Finding the Milwaukee Bucks’ worst move from this past offseason

I went through, listed all of the Bucks’ most important moves from the offseason earlier and how it has impacted their approach to the deadline.

There’s probably an argument to be made for trading down in the draft and coming away with Sandro Mamukelashvili (who I like) and Georgios Kalaitzakis (who was not good), but they used some of those picks to help get Allen.

There also isn’t really a player taken in between their original pick at 31 and when they took Mamukelashvili that makes me regret not having that pick instead of Allen. Herb Jones is great, but who cares, Allen is better right now.

Three moves stick out to me as being the worst of the offseason: letting P.J. Tucker walk, signing Semi Ojeleye, and signing Rodney Hood.

It’s not Hood, though. They signed him to the minimum and he wasn’t supposed to fill a hole. It was a low-cost, medium-reward signing that hasn’t gone well. But hey, again, it was a minimum contract and won’t impact the Bucks’ flexibility much at all.

Now, I’ve been a staunch defender that moving Tucker wasn’t the tax-ducking move that everyone assumed it was. Initially, that’s certainly what it looked like as the Bucks had his Bird rights and could sign him to whatever amount of money they wanted. They ended up going further into the tax at the end of the offseason without Tucker anyway, so it clearly wasn’t all about the tax.

I also didn’t think that Tucker would shoot as well as he has this season (nearly 47 percent on three attempts per game from 3) and that his defensive impact was a smidge overrated because of the championship so it wasn’t worth paying him what he got from the Heat.

Especially if they could get a cheaper alternative that would help them make other moves (like signing George Hill or adding and extending Grayson Allen), such as Ojeleye.

I’ve said it before, but it was reaaaalllyyyy wrong about Ojeleye’s impact this season.
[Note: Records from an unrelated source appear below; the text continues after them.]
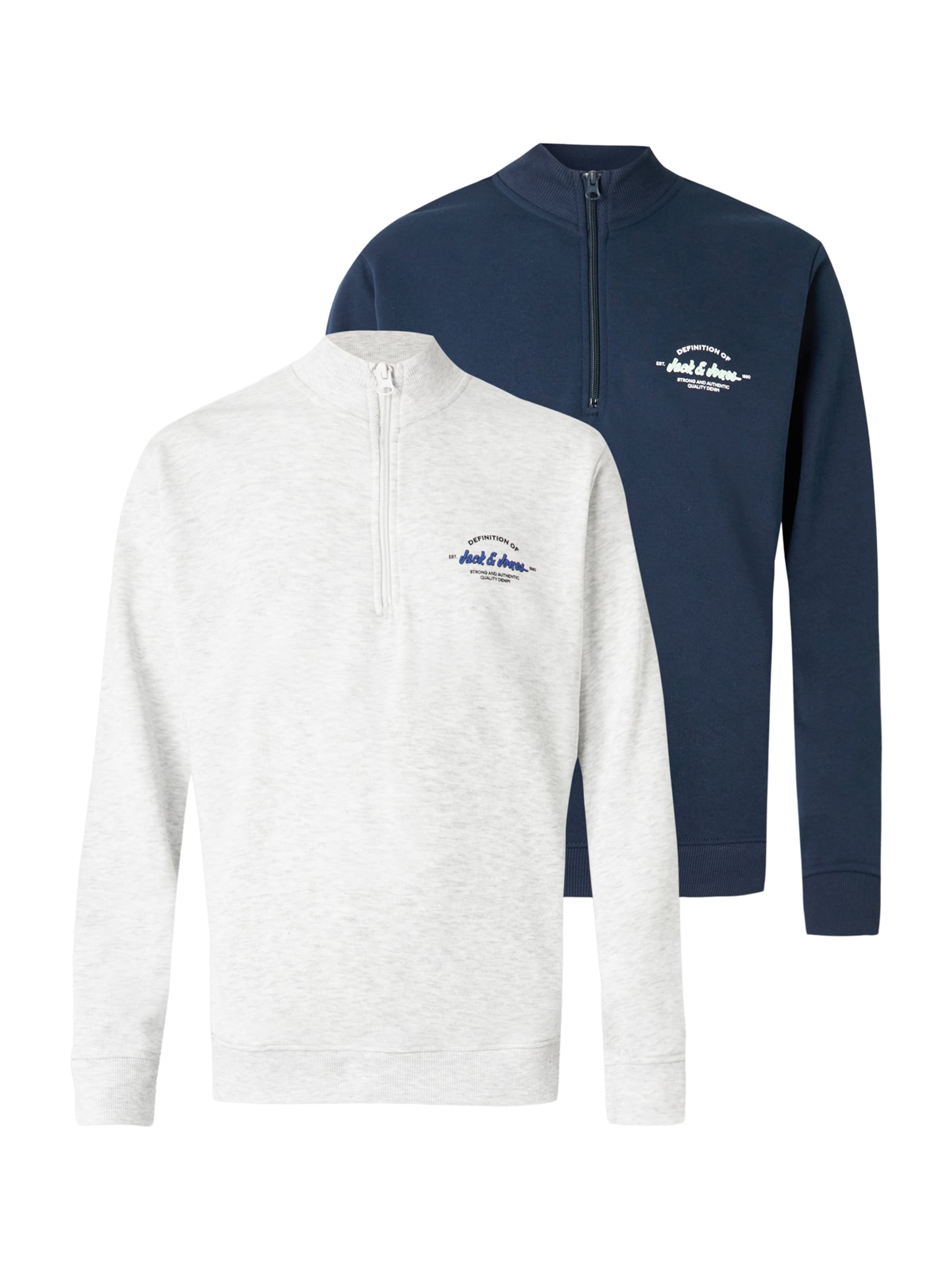 

JACK & JONES Свитшот 'JJBRANDON' в цвете Marine Blue, White, Mottled White, Белый, JACK & JONES Свитшот 'JJBRANDON' в цвете Marine Blue, White, Mottled White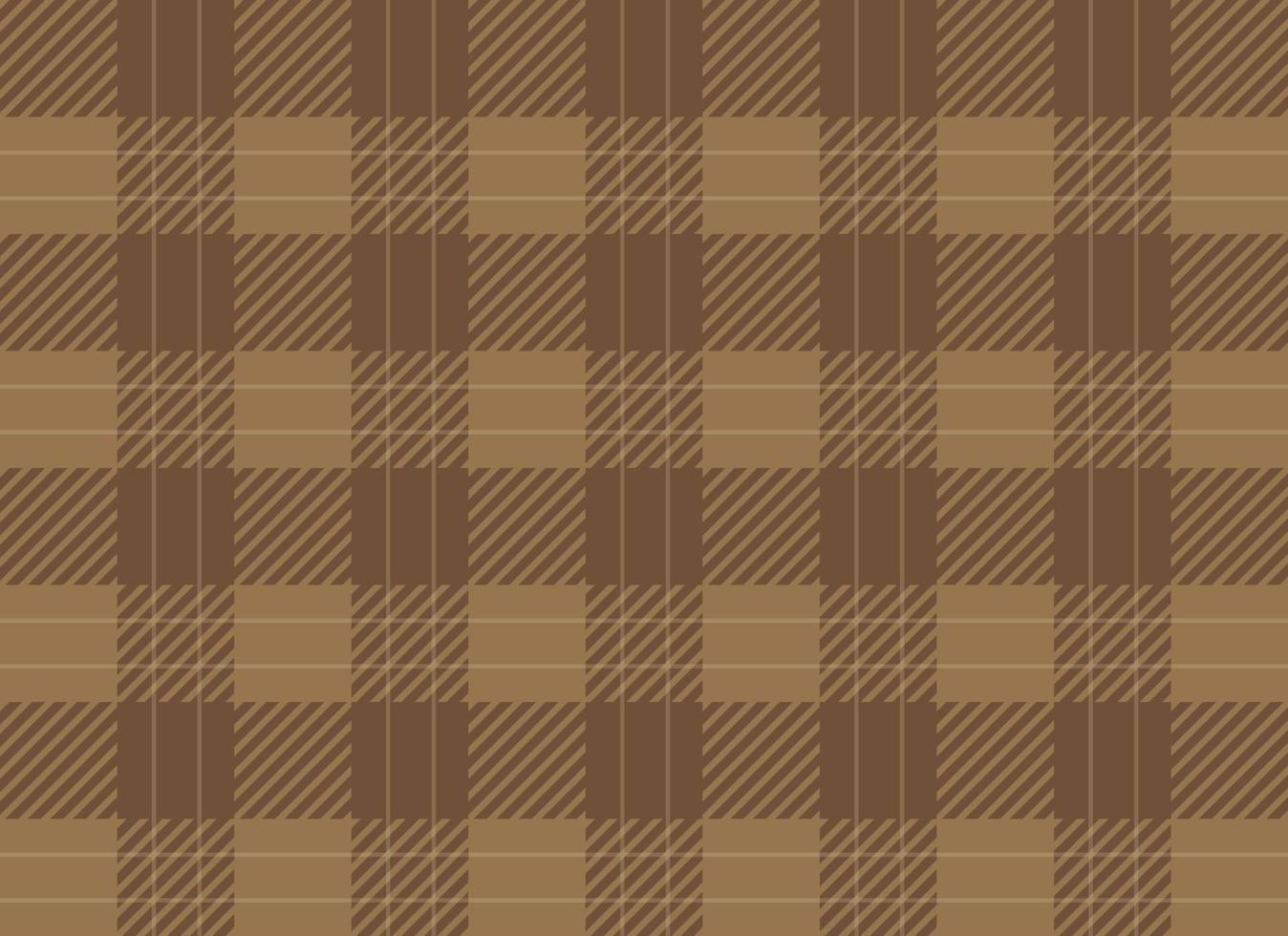 plaids à carreaux tartan couleur marron. style vintage de texture de tissu sans couture. vecteur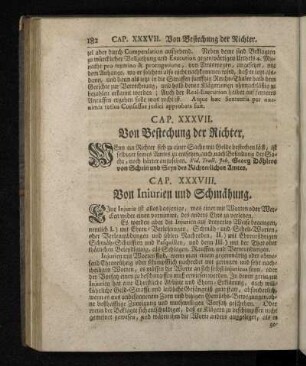 Cap. XXXVIII. Von Inirurien und Schmähung.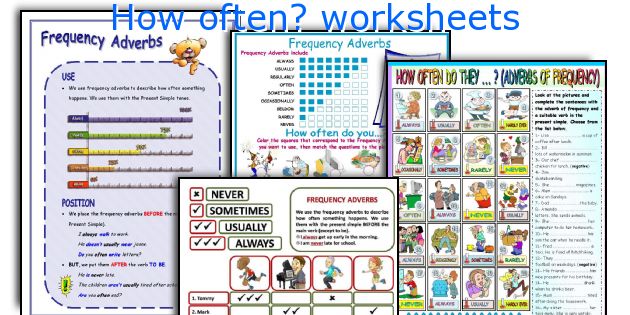 How often? worksheets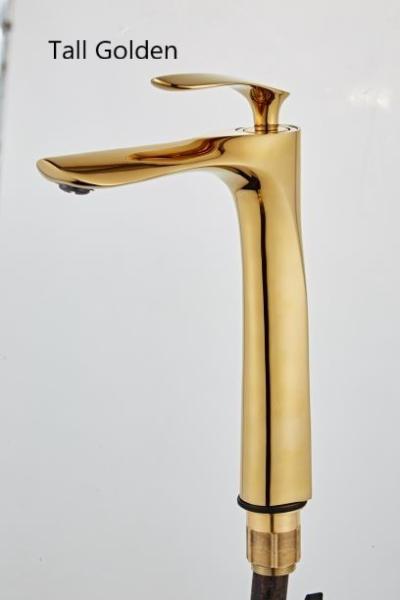 Buy cheap Electroplate ODM Tall Body Golden Wash Basin Faucet from wholesalers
He’s a big, strong wing that shot relatively well the last two seasons with Boston before coming to the Bucks. He just… hasn’t been healthy and when he has, he hasn’t shot the 3 well whatsoever. The defense is still there, but if he can’t hit any shots or crash the offensive glass as Tucker did in the playoffs, then he’s going to be ignored when the games matter.

That has left them where we are now.

Ojeleye not being able to play has done two things: required them to fill the big wing role and not have enough depth up front. Before the season, general manager Jon Horst said that they were anticipating Ojeleye to give them small-ball minutes and that would help some of the assumed lack of depth in the frontcourt.

The Bucks are now having to either trade assets (Donte DiVincenzo) for an actual impact player or relaying on a veteran to get bought out (Thaddeus Young) to help fill those roles.

So, to answer my own question in the most me way possible: a bit of both! Tucker would have been easy to fit back into the roster, but I understand the apprehension. Ojeleye was a good replacement in theory, but in practice, it hasn’t worked whatsoever.

The thought process and decision-making were sound, to me. Trying to fill the role with a player who does similar things for cheaper, but that’s why Ojeleye isn’t Tucker and wasn’t paid as such.

The key to the Bucks’ repeat is still finding someone like Tucker or Young that can be a small ball five as well as defend bigger wings in a pinch, but it’s not an easy commodity to find.

It’s nice that the Bucks’ biggest mistake was signing a minimum contract player though, huh?